On October 28, 2021, the November 2020 paper “Evaluating the scale, growth, and origins of right-wing echo chambers on YouTube” was cited in a hearing of the U.S. Senate Committee on Homeland Security and Governmental Affairs. Authored by PennMAP project lead Homa Hosseinmardi and co-authors Amir Ghasemian, Aaron Clauset, David Rothschild, Markus Mobius, and CSSLab Director Duncan Watts, the paper investigates claims that the YouTube recommendation algorithm systematically directs users towards radical right-wing content.
Last week’s Senate committee hearing examined social media platforms’ role in the amplification of domestic extremism and other harmful content. Among the expert witnesses was Dr. Nate Persily, Co-Director of the Stanford Cyber Policy Center and James B. McClathy Professor of Law at Stanford Law School, who emphasized the need for national transparency legislation targeted towards social media platforms. Citing Hosseinmardi et al.’s paper, he underscored the consequences of harmful online content and argued that it is crucial for “researchers, other than those tied to the profit-maximizing mission of [social media] firms, to get access to the data that will shed light on the most pressing questions related to the effects of social media on society.”

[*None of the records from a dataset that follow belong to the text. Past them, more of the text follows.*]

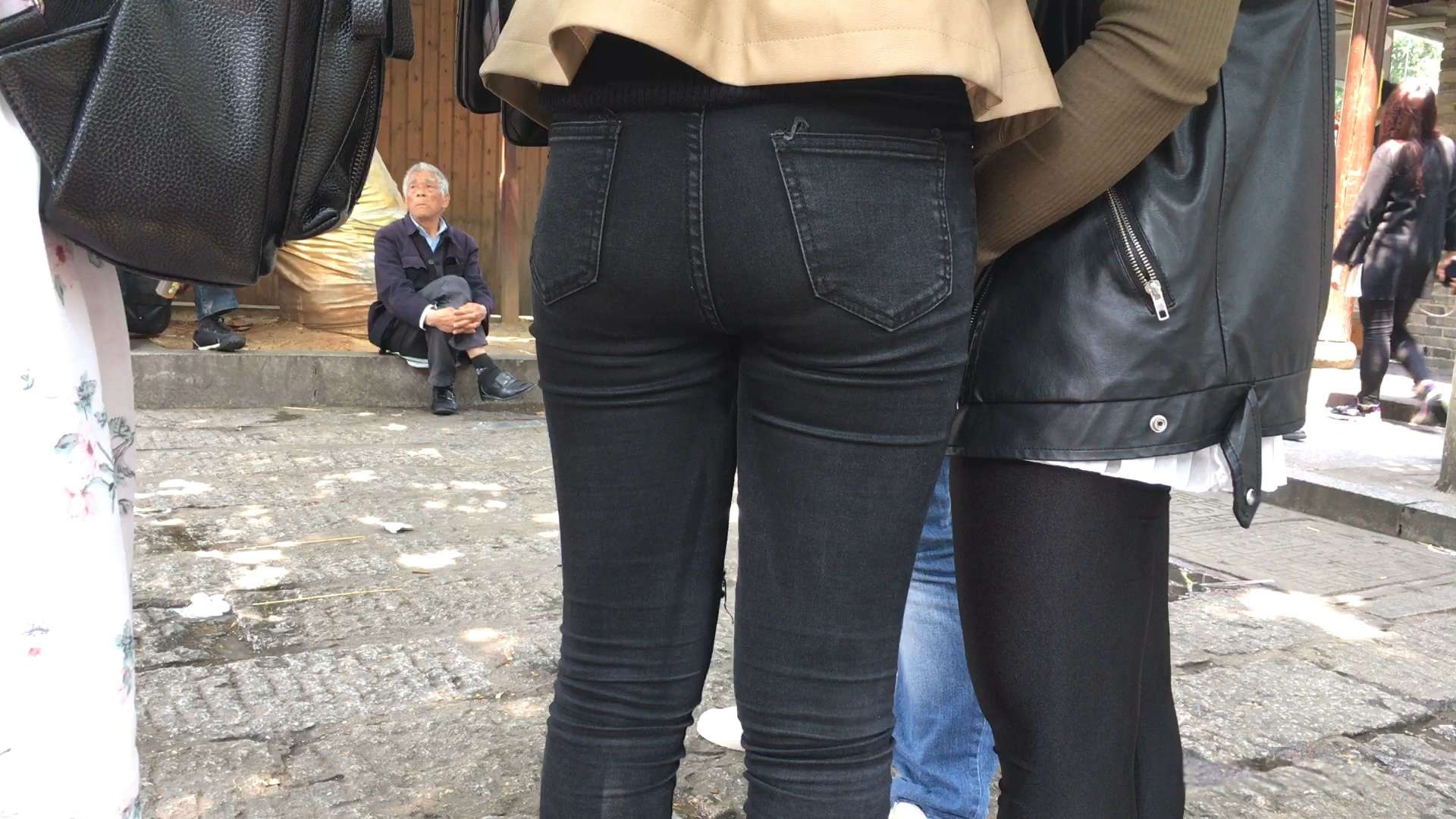 街拍牛仔裤[173M]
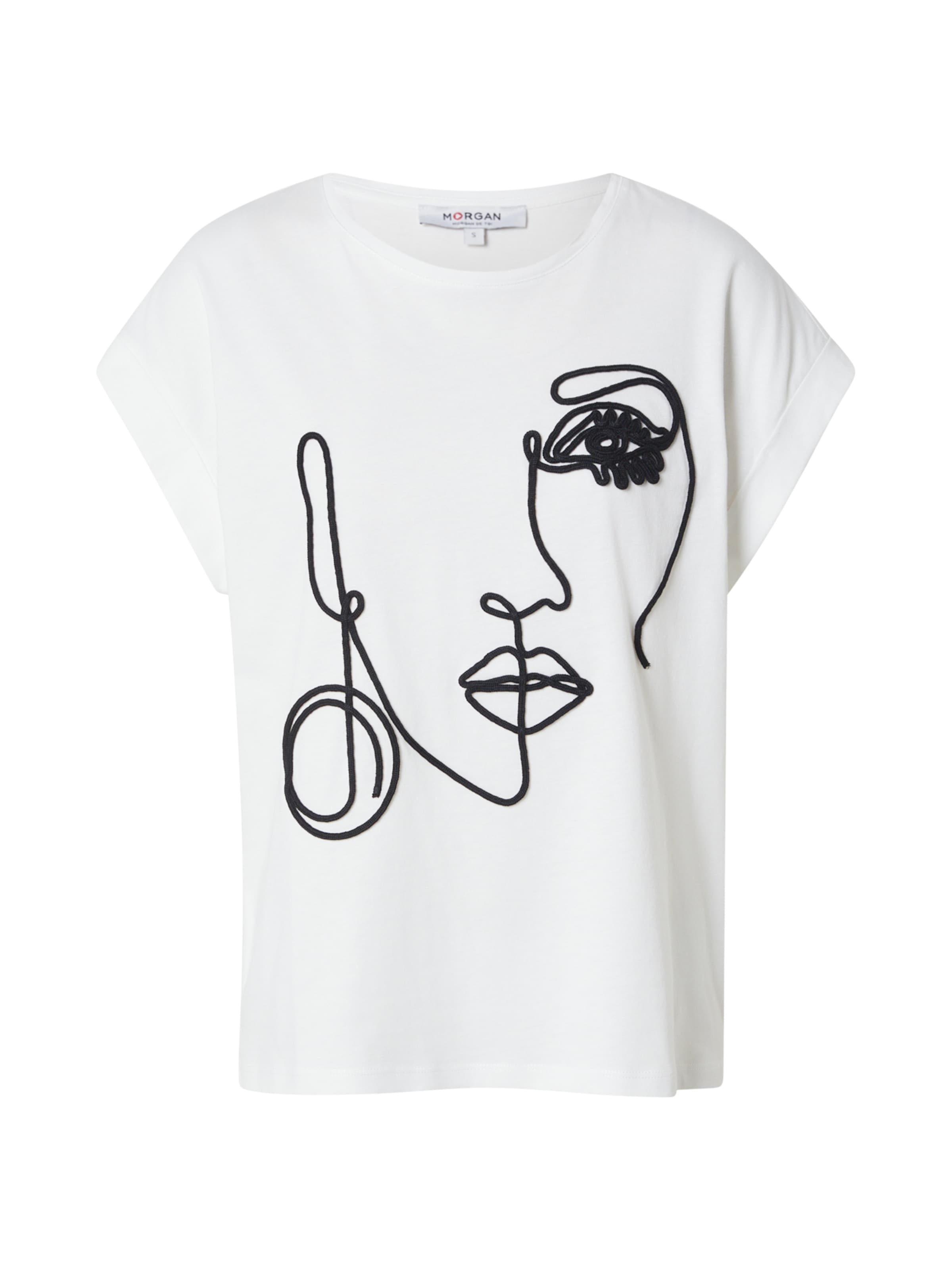Morgan - Camiseta '261-DJOJO' en blanco: frente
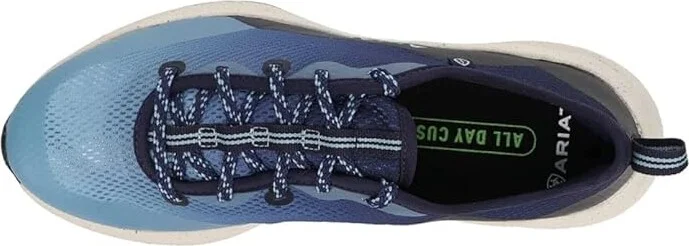 Ariat ShiftRunner Women's Shoes Blue Waves : 5.5 B - Medium, Textile - Image 2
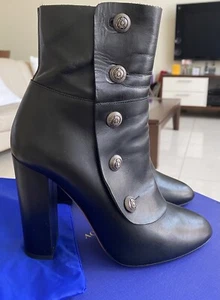 Aquazzura Black Calfskin Boots - Picture 1 of 5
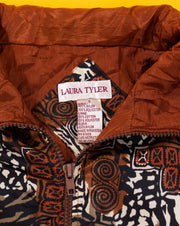 Vintage 80s Laura Tyler Windbreaker Jacket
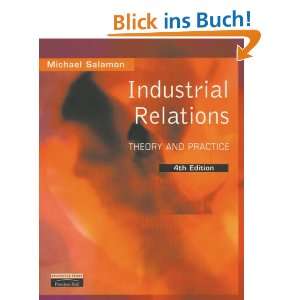 Industrial Relations Theory and Practice  Michael Salamon 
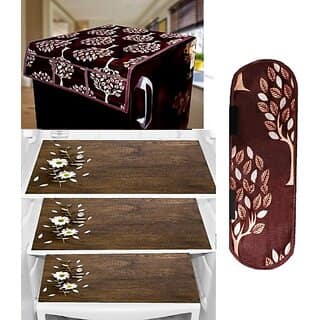 REVEXO Refrigerator Cover (Width: 98 cm, Multicolor)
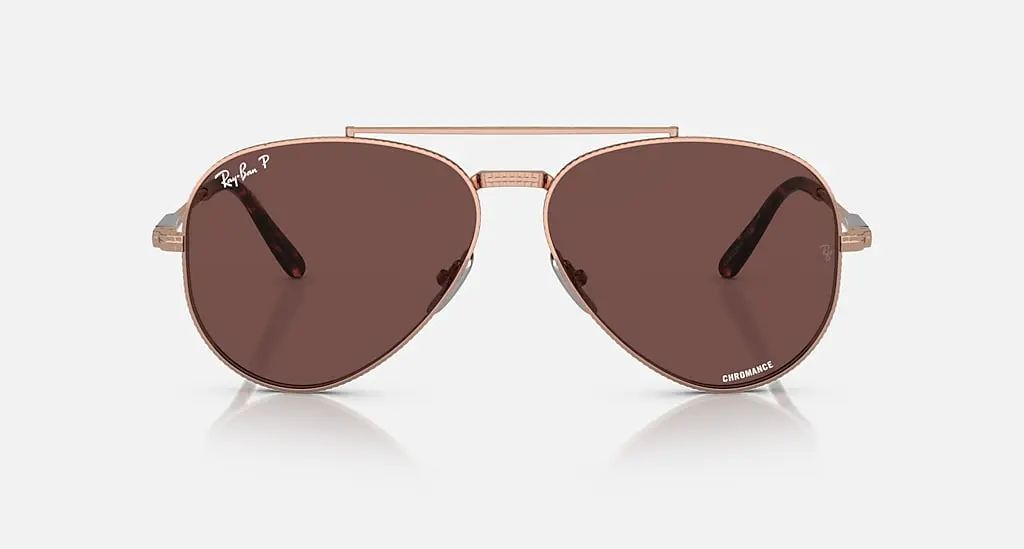 

Солнцезащитные очки Ray-Ban AVIATOR II TITANIUM, темно-фиолетовый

While Hosseinmardi et al.’s paper finds no evidence that the YouTube recommendation algorithm is directly to blame for radical echo chambers, it sheds light upon the size, intensity, and growth of these communities which resonates with calls for increased platform transparency. Using large-scale longitudinal data, the authors analyze YouTube’s role in the broader information ecosystem, finding that the platform largely reflects the tastes and intentions that users enter with.
After being initially released on arXiv in November 2020, their work was published in PNAS in August 2021 under the title “Examining the consumption of radical content on YouTube.”